#### Source data ####

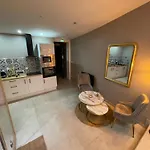 La Nuit De Reve Privative Jaccuzi Sauna 2 Aparthotel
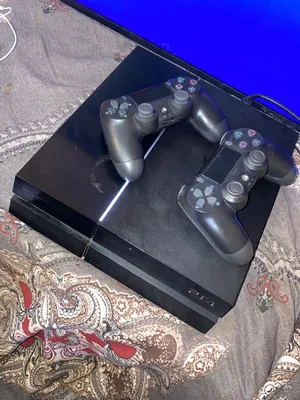 للبيع بلايستيشن 4 مهكره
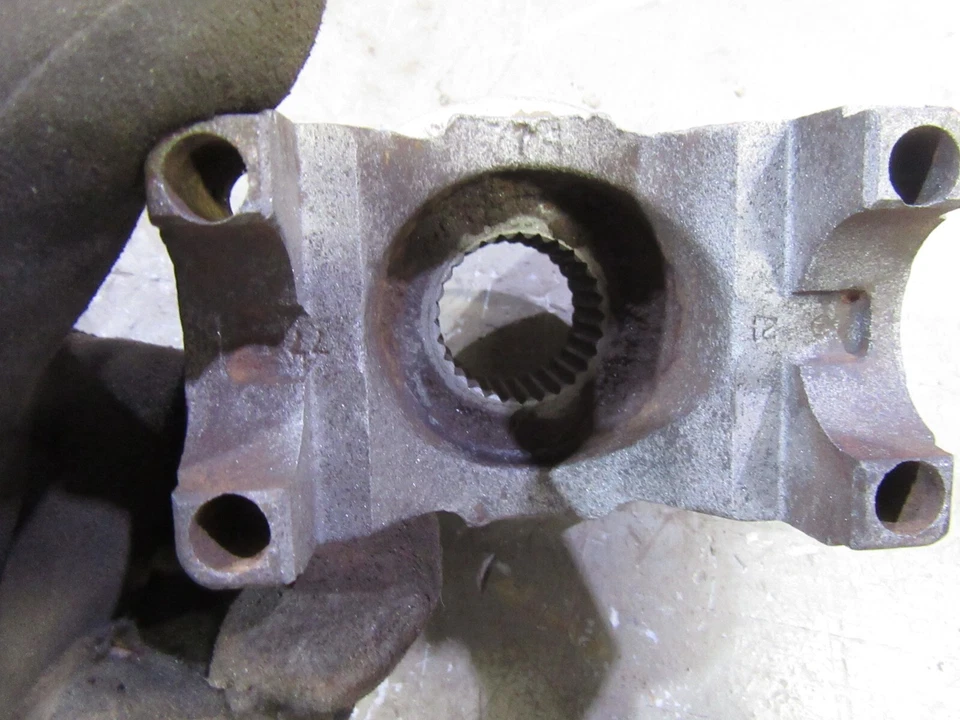 1966 Pontiac Catalina задний конец приводной вал хомут в сборе 28 шлицев - Изображение 3 из 3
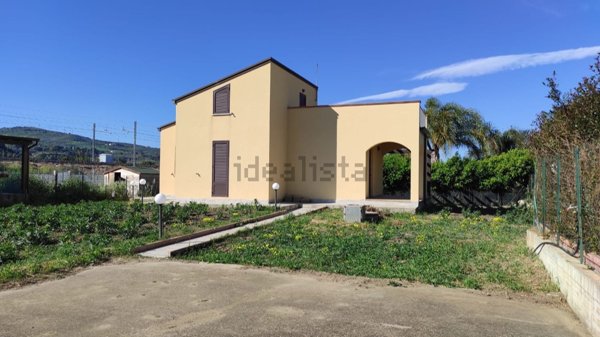 casa indipendente in vendita a Lascari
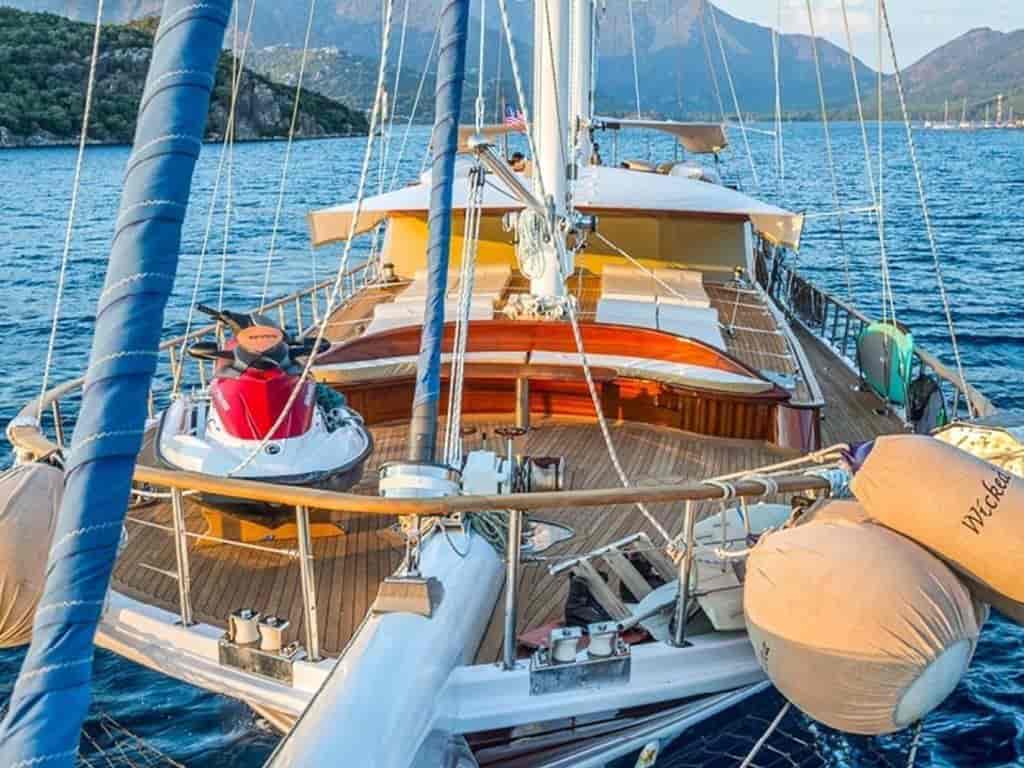 Boat picture 9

####

* [Required work]:
Could you reproduce the listing above word for word while leaving out its pictures?

* [The answer]:
 La Nuit De Reve Privative Jaccuzi Sauna 2 Aparthotel
 للبيع بلايستيشن 4 مهكره
 1966 Pontiac Catalina задний конец приводной вал хомут в сборе 28 шлицев - Изображение 3 из 3
 casa indipendente in vendita a Lascari
 Boat picture 9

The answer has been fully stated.